153 Conn. 125 | Conn. | 1965
HENRY CLEMENTS
v.
HYMAN GOODKOFSKY
Supreme Court of Connecticut.
KING, C. J., MURPHY, ALCORN, SHANNON and HOUSE, JS.
*126 Thomas F. Keyes, Jr., with whom, on the brief, was Walter A. Mulvihill, for the appellant (defendant).
John J. McNamara, for the appellee (plaintiff).
SHANNON, J.
The jury could have reasonably found the following facts: On July 26, 1956, about 6:00 p.m. the plaintiff was the owner of a car which he was driving easterly on the Boston Post Road, a public highway in the town of Milford, approaching Kramer's Cabins, a motel on the northerly and opposite side of the highway. When he reached a point opposite the driveway leading to the motel, he pulled off the road and waited on its southerly shoulder, facing east, until traffic had passed. It was daylight and visibility was good. The defendant was proceeding in a westerly direction in his right-hand lane on the northerly side of the highway. The plaintiff proceeded to cross the highway to the motel, at the entrance to which his car was struck by the defendant's car and damaged.

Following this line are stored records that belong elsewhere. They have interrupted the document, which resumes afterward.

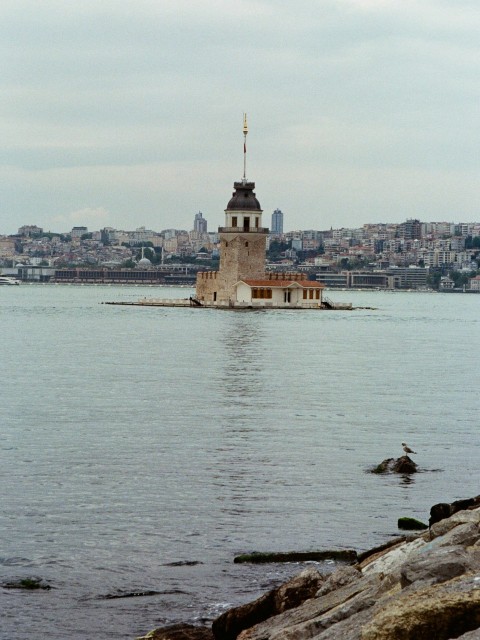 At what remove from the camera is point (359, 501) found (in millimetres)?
15703

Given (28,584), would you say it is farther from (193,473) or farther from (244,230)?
(244,230)

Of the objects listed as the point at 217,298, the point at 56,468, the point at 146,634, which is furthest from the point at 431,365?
the point at 217,298

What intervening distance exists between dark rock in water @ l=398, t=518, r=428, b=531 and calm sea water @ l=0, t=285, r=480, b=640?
0.36 feet

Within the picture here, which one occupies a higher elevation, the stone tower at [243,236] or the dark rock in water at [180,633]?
the stone tower at [243,236]

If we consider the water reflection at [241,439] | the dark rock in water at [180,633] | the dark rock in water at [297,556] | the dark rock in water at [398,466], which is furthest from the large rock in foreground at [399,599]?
the dark rock in water at [398,466]

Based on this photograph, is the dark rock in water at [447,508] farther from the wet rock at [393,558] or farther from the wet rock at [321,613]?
the wet rock at [321,613]

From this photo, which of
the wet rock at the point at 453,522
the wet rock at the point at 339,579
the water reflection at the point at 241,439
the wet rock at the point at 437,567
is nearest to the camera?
the wet rock at the point at 437,567

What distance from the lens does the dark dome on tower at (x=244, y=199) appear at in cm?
8288

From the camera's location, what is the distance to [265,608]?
31.1ft

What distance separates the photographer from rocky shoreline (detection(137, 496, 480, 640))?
6828 mm

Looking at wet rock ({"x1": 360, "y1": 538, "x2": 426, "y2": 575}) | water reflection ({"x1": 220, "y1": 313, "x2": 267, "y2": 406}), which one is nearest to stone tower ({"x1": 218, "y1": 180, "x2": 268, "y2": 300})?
water reflection ({"x1": 220, "y1": 313, "x2": 267, "y2": 406})

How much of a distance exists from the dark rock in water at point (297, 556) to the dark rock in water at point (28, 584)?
6.25 ft

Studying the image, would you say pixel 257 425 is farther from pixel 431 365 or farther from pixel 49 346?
pixel 49 346

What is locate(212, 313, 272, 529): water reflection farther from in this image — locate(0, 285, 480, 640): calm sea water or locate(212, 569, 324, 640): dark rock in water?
locate(212, 569, 324, 640): dark rock in water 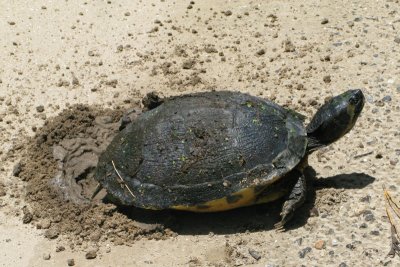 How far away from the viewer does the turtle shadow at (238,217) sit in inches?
241

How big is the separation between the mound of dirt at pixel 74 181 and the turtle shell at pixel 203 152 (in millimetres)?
340

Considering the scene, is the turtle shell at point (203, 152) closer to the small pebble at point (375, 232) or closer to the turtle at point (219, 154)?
the turtle at point (219, 154)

The plaintiff's only allegation of statutory negligence was that the defendant failed to have brakes adequate and sufficient to bring his car to a halt, that is, that he operated his car with inadequate or defective brakes. The court charged the jury that the operation of an automobile with defective brakes constituted statutory negligence and was *127 negligence as a matter of law. The defendant excepted to this portion of the charge on the ground that there was no evidence from which the jury could find that the defendant violated the statutory provisions concerning brakes. The exception was well taken since there is no claim of proof in the finding that the defendant was operating his motor vehicle with defective brakes.
It is the duty of the court to submit to the jury no issue foreign to the facts in evidence. Fleischer v. Kregelstein, 150 Conn. 158, 160, 187 A.2d 241; Miles v. Sherman, 116 Conn. 678, 682, 166 A. 250.
As a new trial is required, there is no need to discuss the remaining assignments of error.
There is error, the judgment is set aside and a new trial is ordered.
In this opinion the other judges concurred.